I’ve done this six times now, and I hope to do it a million times more. But there’s a weird liturgy to it. My life is parceled out 60 days at a time. Right before the scan is a building terror, and right after is a deep relief. And everything else is…well…what exactly?

This is the two-month challenge. How do I live beautifully and faithfully and absurdly in 60 days as if they were my last? I tried to summarize this to my friend, Kori, as we were sitting on the floor in my office last week.

“I think it’s something like, ‘Living Well, Grieving Well,’” I said uncertainly.
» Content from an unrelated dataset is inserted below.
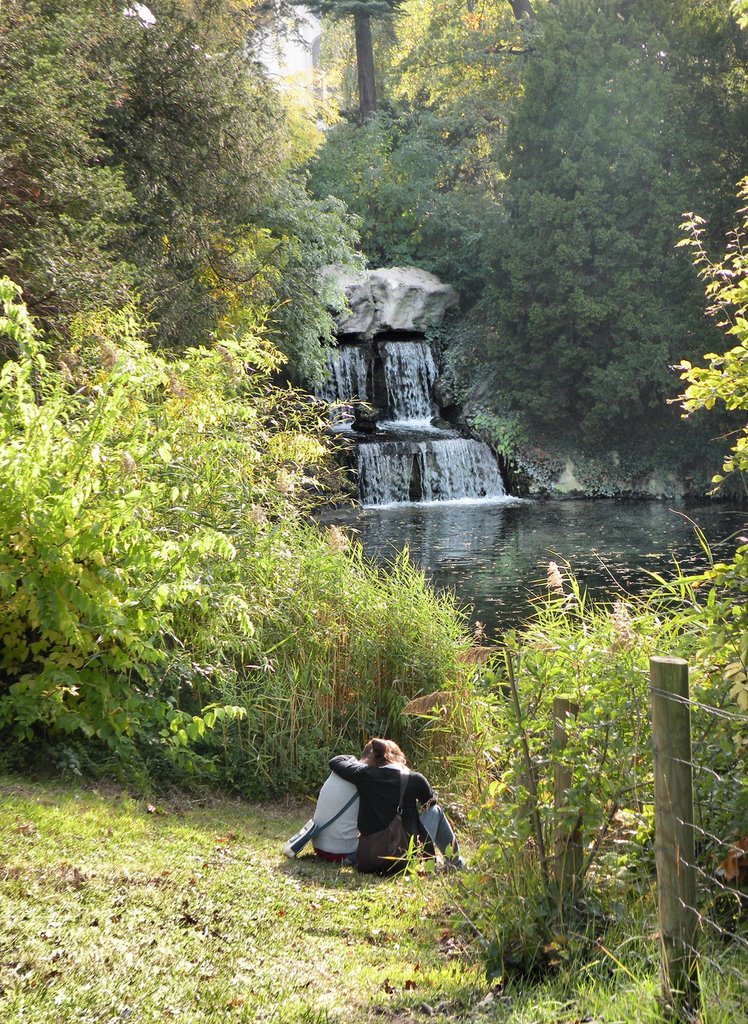 Les amoureux de la cascade du Bois de Boulogne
“Oh, absolutely not,” she said. “That all sounds very serious and proper when you say it like that.”

We were quiet for a minute.

“How about your motto should be: ‘Balls Out Living. Balls Out Grieving.’?” she ventured.
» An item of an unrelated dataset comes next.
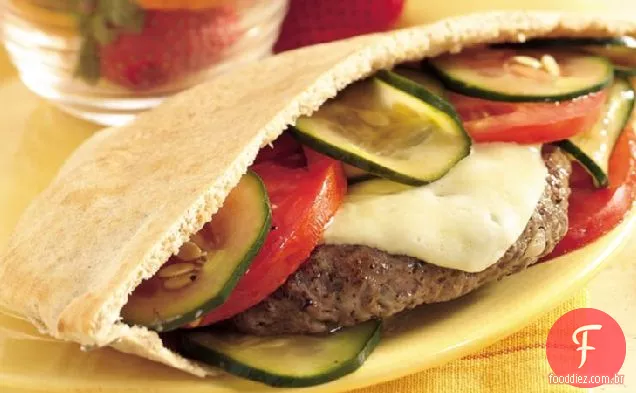 Hambúrgueres Havarti grelhados em Pitas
“This coming from a pastor in the United Methodist Church,” I said, laughing. “And you understand me completely.”

She was right. I am circling around a way of being, but it’s hard for me to explain it to myself. I am trying to ask:

How do I live bigger and braver?

What should I take on?

And what should I let go of?

I think you’ll hear me talk about this a lot because these questions are sticking to me in this humidity. How do I live bigger and braver? Not in general, but now. In 60 days.

I have no idea.

Oh. My. Goodness. A butterfly just landed on my laptop. I’m not making this up. I wish I believed in signs because this is all very liveinthepresent and stopandwatchthebutterflies. But I’m getting the picture. How do you cultivate habits of living in the beautiful now?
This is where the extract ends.